It is an official acknowledgement that those species are gone.
Efforts had been made to find living members of the species in this list, without success. So an official confirmation is just that, we confirmed that decades of fruitless searches are an objective indication that the species are gone forever.
Now, this doesn't preclude a miracle re-discovery in the future. For example, Species can go undetected for long enough to appear extinct just to be rediscovered.
For example, the Lord Howe Island stick [wikipedia.org]
Carlin called it anyway (Score:2)
They're declaring these plants and animals extinct now...
But the Ivory-Billed Woodpecker was last seen in 1944.
The Kauai nukupuu (another bird) was last seen in _1899_.
With only one exception, of the 23 bird, plant, and animal species they're talking about, none of them have been seen for over thirty years.
Most of the eleven bird species were apparently killed off by mosquito-borne avian malaria in Hawaii.
George Carlin used to do a pretty good skit on people that want to save the planet [youtube.com]. One of the objects of his ire was the concern over extinctions, and how people make way too big a deal about them.
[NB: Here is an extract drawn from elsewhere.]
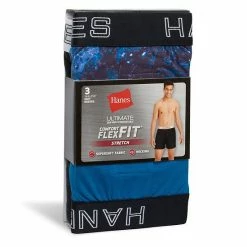 Men's Hanes Ultimate® ComfortFlex Fit 3-Pack Knit Boxers -Hanes Shop unnamed file 713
And I always thought "The Earth + Plastic" would make a good bumper sticker for those that got the joke.
Re:Carlin called it anyway (Score:4, Insightful)
They're declaring these plants and animals extinct now...
But the Ivory-Billed Woodpecker was last seen in 1944.
The Kauai nukupuu (another bird) was last seen in _1899_.
With only one exception, of the 23 bird, plant, and animal species they're talking about, none of them have been seen for over thirty years.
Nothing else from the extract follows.